[Start of section]

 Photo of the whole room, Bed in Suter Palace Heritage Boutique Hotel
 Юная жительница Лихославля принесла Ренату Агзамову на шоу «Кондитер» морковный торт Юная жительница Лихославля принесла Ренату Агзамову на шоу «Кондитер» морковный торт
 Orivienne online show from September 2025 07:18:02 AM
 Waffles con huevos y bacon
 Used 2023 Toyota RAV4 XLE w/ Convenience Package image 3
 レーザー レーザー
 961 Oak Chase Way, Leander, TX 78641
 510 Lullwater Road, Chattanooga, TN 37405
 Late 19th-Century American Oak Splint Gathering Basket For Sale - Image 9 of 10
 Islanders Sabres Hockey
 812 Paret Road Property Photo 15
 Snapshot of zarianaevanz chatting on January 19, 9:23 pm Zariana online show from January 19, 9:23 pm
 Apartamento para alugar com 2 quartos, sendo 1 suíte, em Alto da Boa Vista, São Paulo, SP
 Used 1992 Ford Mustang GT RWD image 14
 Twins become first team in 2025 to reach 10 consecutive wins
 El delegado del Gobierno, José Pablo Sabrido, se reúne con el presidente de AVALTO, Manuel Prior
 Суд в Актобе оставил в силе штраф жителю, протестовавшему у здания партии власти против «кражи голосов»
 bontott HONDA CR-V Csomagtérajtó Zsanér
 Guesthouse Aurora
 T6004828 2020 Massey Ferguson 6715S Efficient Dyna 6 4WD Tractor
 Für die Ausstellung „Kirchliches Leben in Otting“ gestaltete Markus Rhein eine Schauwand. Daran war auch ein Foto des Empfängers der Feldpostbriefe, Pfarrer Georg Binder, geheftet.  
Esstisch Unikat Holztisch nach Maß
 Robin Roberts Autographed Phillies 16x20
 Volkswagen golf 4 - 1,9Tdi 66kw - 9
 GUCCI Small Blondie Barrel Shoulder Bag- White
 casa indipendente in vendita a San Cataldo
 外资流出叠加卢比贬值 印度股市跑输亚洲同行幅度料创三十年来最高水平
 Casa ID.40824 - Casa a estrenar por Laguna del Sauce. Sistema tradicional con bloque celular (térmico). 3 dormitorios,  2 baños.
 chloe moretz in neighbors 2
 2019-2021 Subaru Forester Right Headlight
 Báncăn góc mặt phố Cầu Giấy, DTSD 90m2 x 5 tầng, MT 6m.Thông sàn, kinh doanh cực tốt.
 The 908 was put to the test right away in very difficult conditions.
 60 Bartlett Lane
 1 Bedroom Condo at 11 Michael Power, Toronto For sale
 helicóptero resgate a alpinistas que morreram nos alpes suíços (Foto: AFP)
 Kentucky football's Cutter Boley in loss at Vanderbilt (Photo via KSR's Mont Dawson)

[End of section]

■ ASSIGNED TASK ■
Exactly as they appear, please write out the lines from the opening of the listing above down to the line containing "Used 1992 Ford Mustang GT RWD image 14", with both end lines included.

■ RESPONSE FOR THIS EXERCISE ■
 Photo of the whole room, Bed in Suter Palace Heritage Boutique Hotel
 Юная жительница Лихославля принесла Ренату Агзамову на шоу «Кондитер» морковный торт Юная жительница Лихославля принесла Ренату Агзамову на шоу «Кондитер» морковный торт
 Orivienne online show from September 2025 07:18:02 AM
 Waffles con huevos y bacon
 Used 2023 Toyota RAV4 XLE w/ Convenience Package image 3
 レーザー レーザー
 961 Oak Chase Way, Leander, TX 78641
 510 Lullwater Road, Chattanooga, TN 37405
 Late 19th-Century American Oak Splint Gathering Basket For Sale - Image 9 of 10
 Islanders Sabres Hockey
 812 Paret Road Property Photo 15
 Snapshot of zarianaevanz chatting on January 19, 9:23 pm Zariana online show from January 19, 9:23 pm
 Apartamento para alugar com 2 quartos, sendo 1 suíte, em Alto da Boa Vista, São Paulo, SP
 Used 1992 Ford Mustang GT RWD image 14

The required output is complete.